La senadora Elizabeth Warren criticó duramente la acción en la plataforma X, sugiriendo que la filtración es una táctica de distracción ante una economía con dificultades. Esta postura refleja la preocupación demócrata sobre el posible debilitamiento de las regulaciones que salvaguardan la integridad del mercado desde hace décadas.
Un funcionario de la Casa Blanca defendió la publicación como una divulgación pública accidental de datos combinados, insistiendo en que los presidentes reciben informes económicos anticipados como parte de sus funciones regulares. Sin embargo, la respuesta del propio Trump, quien afirmó simplemente publicar lo que le entregan, ha intensificado la polémica sobre su actitud hacia los protocolos gubernamentales.

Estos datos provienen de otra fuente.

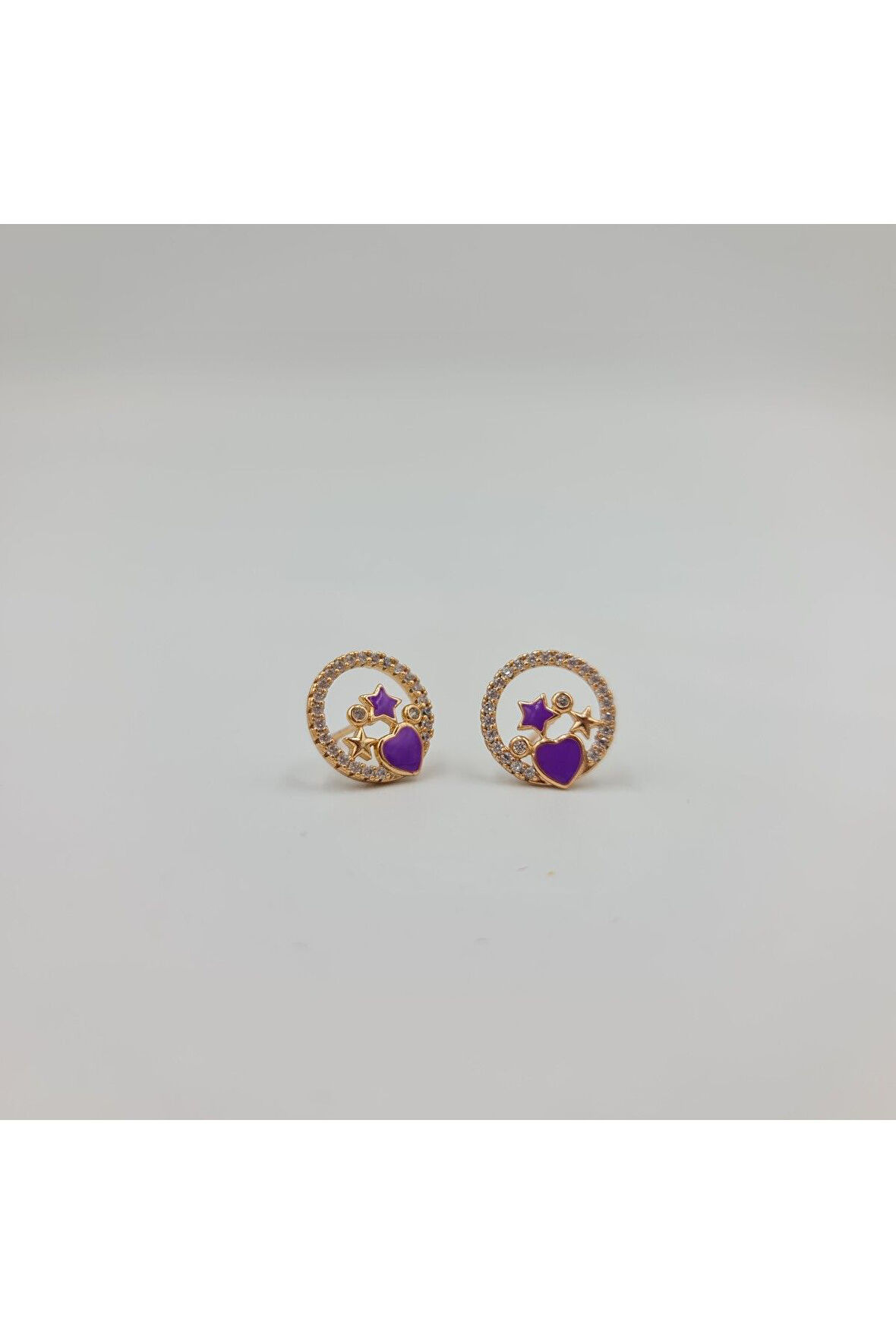 Mor Kalp ve Yıldızlı Pimli Küpe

Las reglas de confidencialidad, que incluyen un período de enfriamiento de al menos treinta minutos tras la publicación oficial, buscan evitar que funcionarios se beneficien de información privilegiada. El Informe de Situación del Empleo es un indicador clave que provoca movimientos bruscos en bolsas, bonos y divisas, haciendo crucial la simultaneidad de su acceso.
El informe en cuestión reveló un aumento de solo 50.000 empleos en diciembre de 2025, inferior a las expectativas de 60.000, y marcando el crecimiento anual más débil desde 2020. Posteriormente, Trump calificó estos datos como "amañados", una declaración que observadores consideraron contradictoria tras haber filtrado la información previamente.
La Casa Blanca prometió revisar sus protocolos de manejo de datos económicos para evitar futuros incidentes, aunque no detalló cambios específicos. Analistas de mercado advierten que tales incumplimientos erosionan la confianza en las estadísticas oficiales, y las próximas publicaciones del BLS serán examinadas de cerca en cuanto a su manejo interno.